● **Material shown**
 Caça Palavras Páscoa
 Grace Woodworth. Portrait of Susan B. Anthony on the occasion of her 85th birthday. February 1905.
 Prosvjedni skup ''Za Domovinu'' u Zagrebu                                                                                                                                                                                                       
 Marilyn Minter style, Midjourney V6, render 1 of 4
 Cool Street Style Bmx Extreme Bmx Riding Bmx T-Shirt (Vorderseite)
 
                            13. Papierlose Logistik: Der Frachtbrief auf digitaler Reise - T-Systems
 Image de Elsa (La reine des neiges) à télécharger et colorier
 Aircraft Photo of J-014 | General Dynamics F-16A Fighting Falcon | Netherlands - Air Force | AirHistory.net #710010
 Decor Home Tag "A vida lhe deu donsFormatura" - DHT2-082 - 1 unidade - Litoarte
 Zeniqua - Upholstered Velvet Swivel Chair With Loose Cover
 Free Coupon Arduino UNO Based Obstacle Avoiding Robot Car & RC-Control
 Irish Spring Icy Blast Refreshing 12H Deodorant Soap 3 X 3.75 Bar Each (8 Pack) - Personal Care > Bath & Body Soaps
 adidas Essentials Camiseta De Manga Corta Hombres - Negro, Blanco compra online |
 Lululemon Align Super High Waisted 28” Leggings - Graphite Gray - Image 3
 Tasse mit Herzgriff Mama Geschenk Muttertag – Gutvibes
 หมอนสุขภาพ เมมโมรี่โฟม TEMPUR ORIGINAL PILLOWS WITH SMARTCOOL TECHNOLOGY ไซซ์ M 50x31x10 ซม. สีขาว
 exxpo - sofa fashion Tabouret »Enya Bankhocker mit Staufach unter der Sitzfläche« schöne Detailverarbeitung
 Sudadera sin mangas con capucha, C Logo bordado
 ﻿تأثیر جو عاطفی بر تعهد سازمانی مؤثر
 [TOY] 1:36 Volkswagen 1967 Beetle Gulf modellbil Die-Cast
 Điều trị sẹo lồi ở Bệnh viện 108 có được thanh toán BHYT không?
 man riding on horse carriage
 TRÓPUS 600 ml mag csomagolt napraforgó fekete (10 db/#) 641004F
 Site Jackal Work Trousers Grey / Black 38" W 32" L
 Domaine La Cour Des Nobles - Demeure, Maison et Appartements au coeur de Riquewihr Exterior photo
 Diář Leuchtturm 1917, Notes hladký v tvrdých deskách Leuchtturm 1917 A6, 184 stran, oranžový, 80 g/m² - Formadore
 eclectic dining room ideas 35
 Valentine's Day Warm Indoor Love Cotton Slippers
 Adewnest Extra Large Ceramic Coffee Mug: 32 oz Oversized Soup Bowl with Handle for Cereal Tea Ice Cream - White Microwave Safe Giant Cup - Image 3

● **What is being asked**
Exactly as they appear, please write out the lines from the opening of the listing above down to the line containing "Domaine La Cour", with both end lines included.

● **Completed task**
 Caça Palavras Páscoa
 Grace Woodworth. Portrait of Susan B. Anthony on the occasion of her 85th birthday. February 1905.
 Prosvjedni skup ''Za Domovinu'' u Zagrebu                                                                                                                                                                                                       
 Marilyn Minter style, Midjourney V6, render 1 of 4
 Cool Street Style Bmx Extreme Bmx Riding Bmx T-Shirt (Vorderseite)
 
                            13. Papierlose Logistik: Der Frachtbrief auf digitaler Reise - T-Systems
 Image de Elsa (La reine des neiges) à télécharger et colorier
 Aircraft Photo of J-014 | General Dynamics F-16A Fighting Falcon | Netherlands - Air Force | AirHistory.net #710010
 Decor Home Tag "A vida lhe deu donsFormatura" - DHT2-082 - 1 unidade - Litoarte
 Zeniqua - Upholstered Velvet Swivel Chair With Loose Cover
 Free Coupon Arduino UNO Based Obstacle Avoiding Robot Car & RC-Control
 Irish Spring Icy Blast Refreshing 12H Deodorant Soap 3 X 3.75 Bar Each (8 Pack) - Personal Care > Bath & Body Soaps
 adidas Essentials Camiseta De Manga Corta Hombres - Negro, Blanco compra online |
 Lululemon Align Super High Waisted 28” Leggings - Graphite Gray - Image 3
 Tasse mit Herzgriff Mama Geschenk Muttertag – Gutvibes
 หมอนสุขภาพ เมมโมรี่โฟม TEMPUR ORIGINAL PILLOWS WITH SMARTCOOL TECHNOLOGY ไซซ์ M 50x31x10 ซม. สีขาว
 exxpo - sofa fashion Tabouret »Enya Bankhocker mit Staufach unter der Sitzfläche« schöne Detailverarbeitung
 Sudadera sin mangas con capucha, C Logo bordado
 ﻿تأثیر جو عاطفی بر تعهد سازمانی مؤثر
 [TOY] 1:36 Volkswagen 1967 Beetle Gulf modellbil Die-Cast
 Điều trị sẹo lồi ở Bệnh viện 108 có được thanh toán BHYT không?
 man riding on horse carriage
 TRÓPUS 600 ml mag csomagolt napraforgó fekete (10 db/#) 641004F
 Site Jackal Work Trousers Grey / Black 38" W 32" L
 Domaine La Cour Des Nobles - Demeure, Maison et Appartements au coeur de Riquewihr Exterior photo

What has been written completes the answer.